Published in the Vail Daily February 22, 2009
It began in the 1930’s. The Instituto Allende Art School initiated an influx of foreigners unabated to this day. The GI Bill after World War II enabled veterans to stretch their benefits while studying in San Miguel de Allende. Over the ensuing years , especially the last fifteen, the growth of the expatriate population has brought significant changes.
San Miguel has grown from a sleepy backwater to a thriving, international community. There are somewhere between 6,000 and 13,000 foreigners in San Miguel, nobody knows the exact figure. In a town of 85,000, the impact is remarkable and disproportionate to their numbers.

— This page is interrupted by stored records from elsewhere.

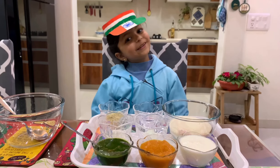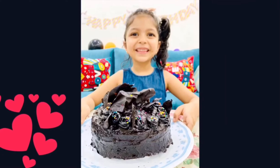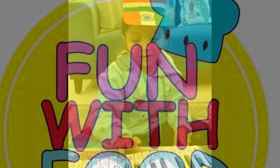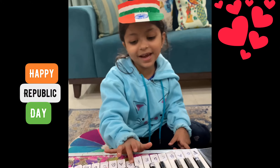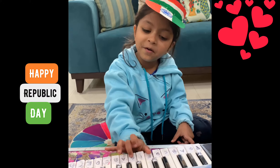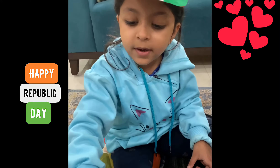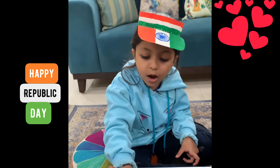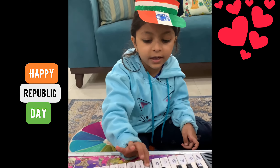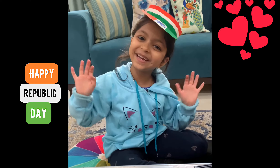Hey guys, welcome to Fun Food and Kids! Happy Republic Day!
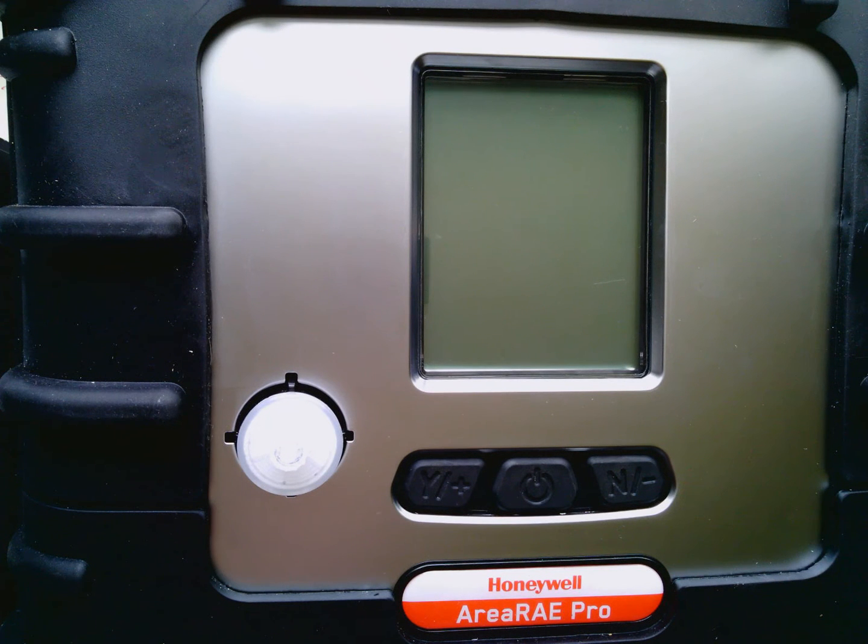Hello and thank you for coming to our YouTube page. This is Michael DiDiego, Sales Manager at Industrial Safety Supply Corporation. Today we're going to cover Ray System's newest addition to the wireless family, the AreaRay Pro.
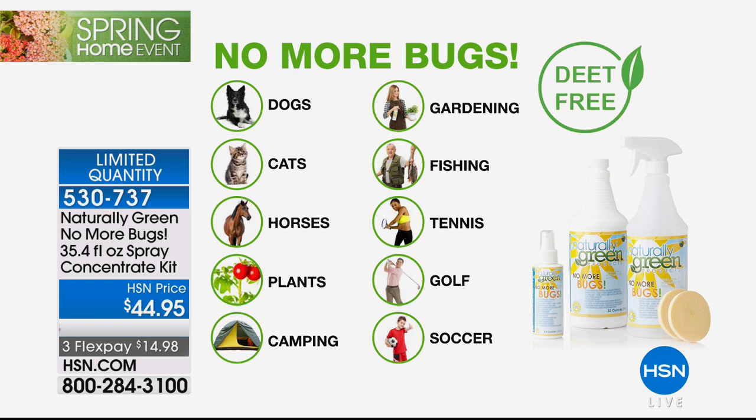Look at what you can spray it on — your dogs, your cats. The horse community loves this because of those flies on horses. If you're an organic farmer, you're going to love it. Camping, gardening — love it for gardening — fishing, tennis, golf, soccer, everything.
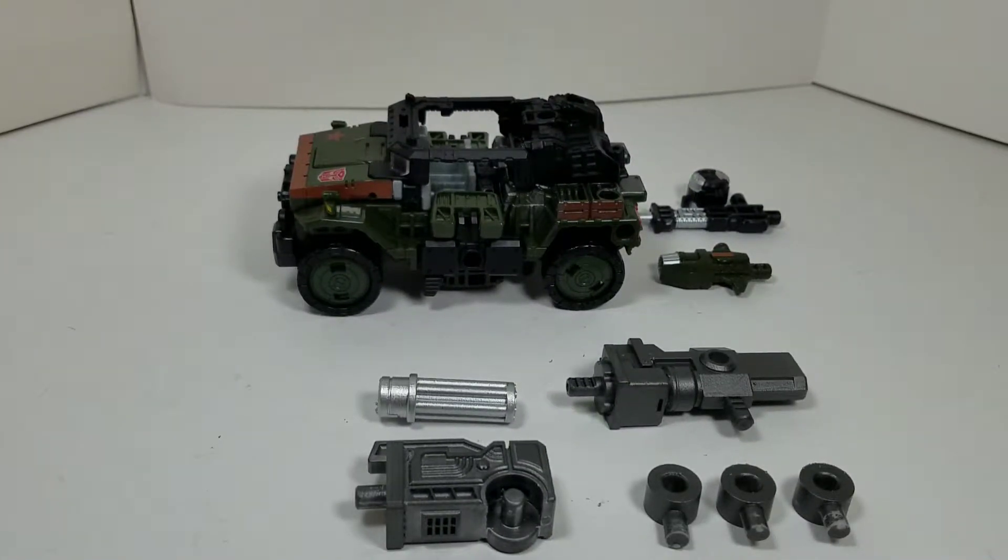Welcome back to my channel. In today's review I'm going to be doing a Transformers Upgrade Kit for Siege Hound. If you're new around here please remember to subscribe to my channel, hit that like button as it will support it, and if you really like this kit leave a comment. So with that being said let's dive right into this review.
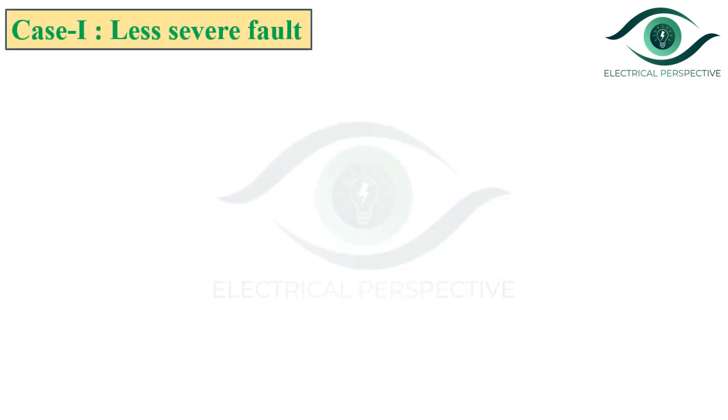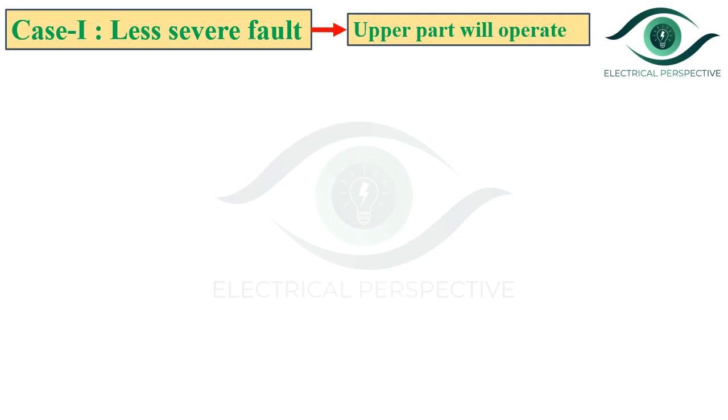Now let us discuss the operation of the Bacol's relay. We have seen that there are two elements. The first one is the upper element, which closes the alarm circuit in case of less severe fault, and the second one is the lower element, which closes the trip circuit of the circuit breaker in case of severe internal fault. Let us consider two cases. Case 1 is the less severe fault, so obviously the upper part will operate.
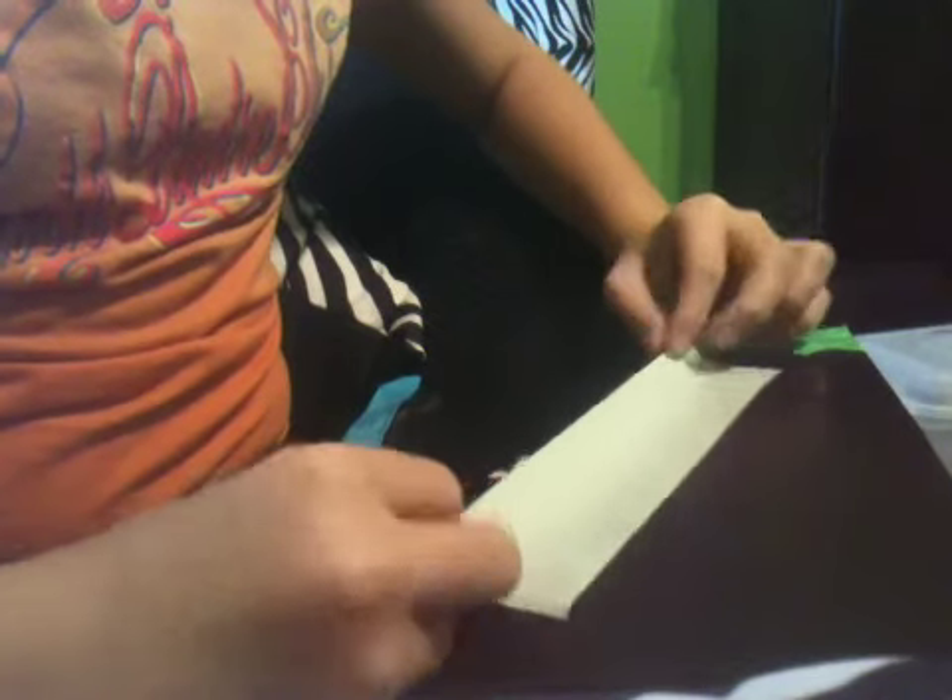Then you're going to take the piece that you've just cut and flip it over. Then you're going to fold it in thirds — take half of it and fold it to the center and press that down. Then take the other half and do the same. Like that. So now you have one of these.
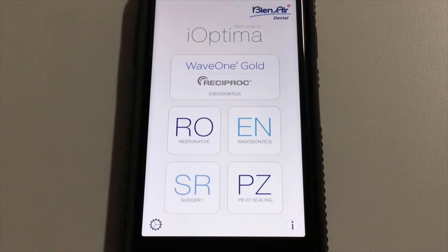This is the home screen of the iOptima system. For the purposes of this demonstration, I'm using this on my cell phone rather than a unit that is currently connected to a delivery system. For those interested in playing with the interface, you can go to the App Store on your Apple device and download the iOptima app for free. As you can see on the home screen, there are five different programs which are currently enabled with my iOptima system.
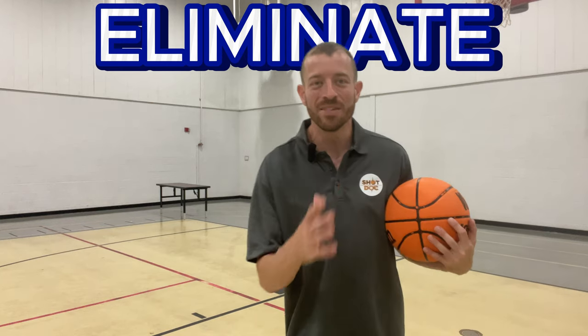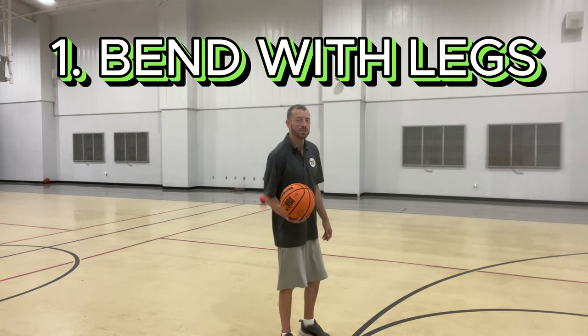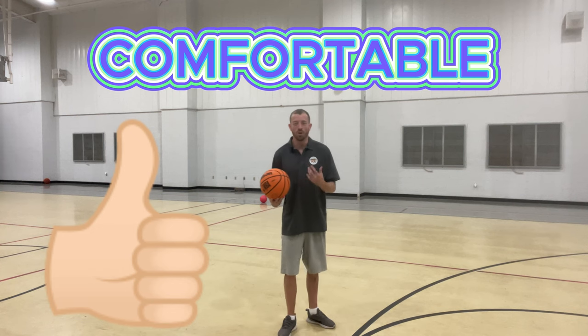You need to be prepared to shoot the ball before it comes to you. Do not be standing straight up so that when the ball comes to you, you now have to bend down. That's going to take time, it's going to take energy, and it's going to create inconsistency. We want to eliminate all the extra factors involved with our shot. First, eliminate inconsistent bend with your legs. If you're bending super far down sometimes and other times you barely bend at all, you've added inconsistency. Find a very comfortable bend that you can replicate over and over again.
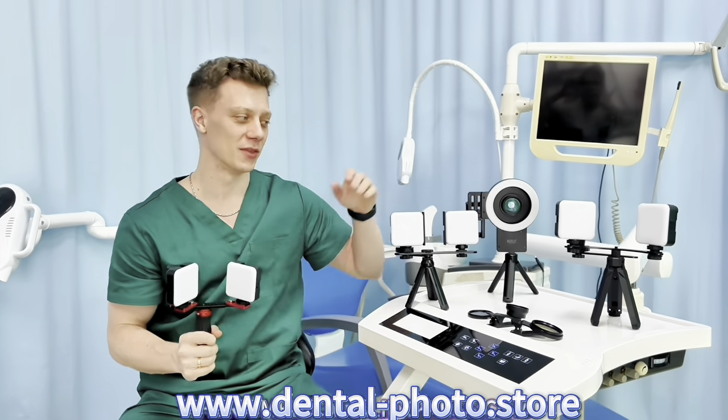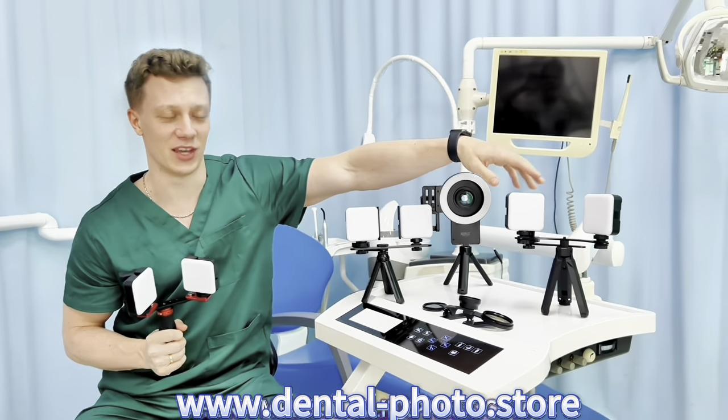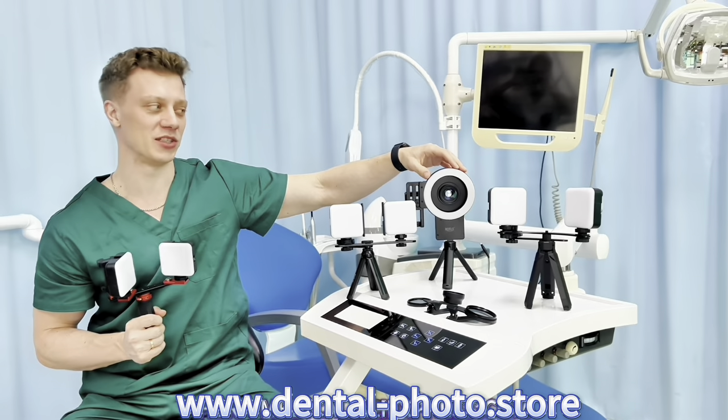This is the MK16, this one is the MK17, this is the MK19, and the MK23. If you don't know how to choose, you can always ask me.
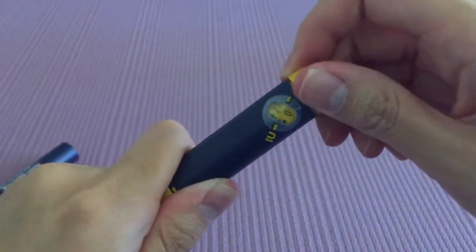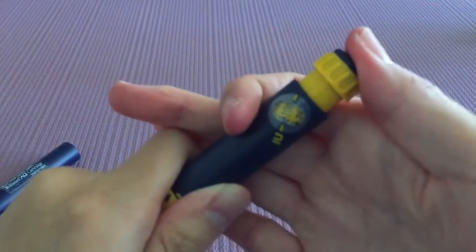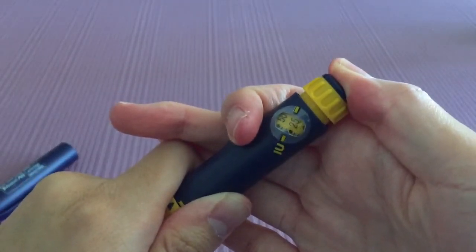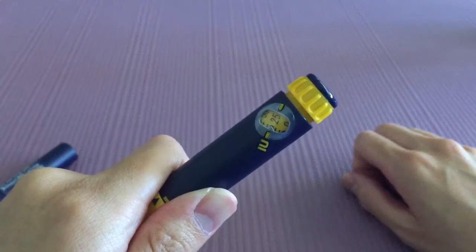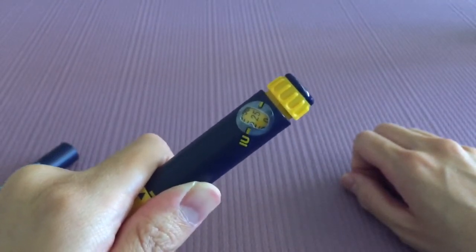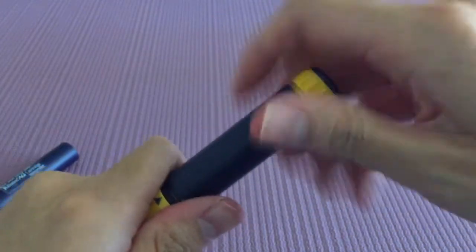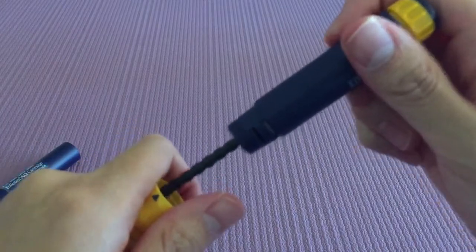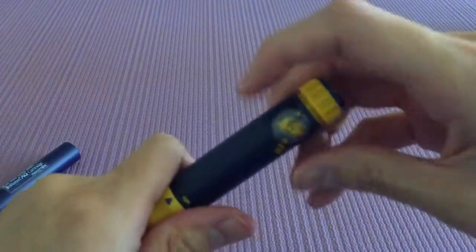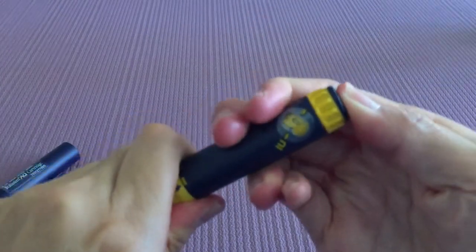Sometimes, if your dosage was 100 and it stops at, let's say, 25, that means you still have 25 international units to go. All you need to do is unscrew this, pop in a brand new cartridge, put it back, and then apply the rest.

Some decry the gentrification, the large, expensive homes and rising prices but on many levels, gringos make vital contributions to the social fabric
Every Monday, Wednesday and Friday at 10 am the dedicated, knowledgeable docents of the Patronato Por Niños lead tours of the historic center. Each year, the Patronato, founded in 1970, provides medical and dental care to thousands of children living in and around San Miguel de Allende. Last year, over 7,000 children received care ranging from eye glasses to kidney surgery.
The 100 peso donation, $7, goes directly toward this care. The popular tours are a usual first stop for hundreds of tourists each week who gain first hand knowledge of the town and it’s history from the expatriate guides.
The second thing most tourists do is the home and garden tour. This is another philanthropic venture began by the expat community. Every Sunday, up to 700 people, (no where near that amount on the day Yolanda and I attend), tour three beautiful homes. The charge is 150 pesos, around $10. The money goes to fund the Biblioteca Publica, the public library, and it’s many educational programs for the youth of San Miguel.
The biblioteca is a cultural and social epicenter for visitors and residents alike. From morning to night plays, concerts, lectures, movies and discussions groups fill it’s busy calendar.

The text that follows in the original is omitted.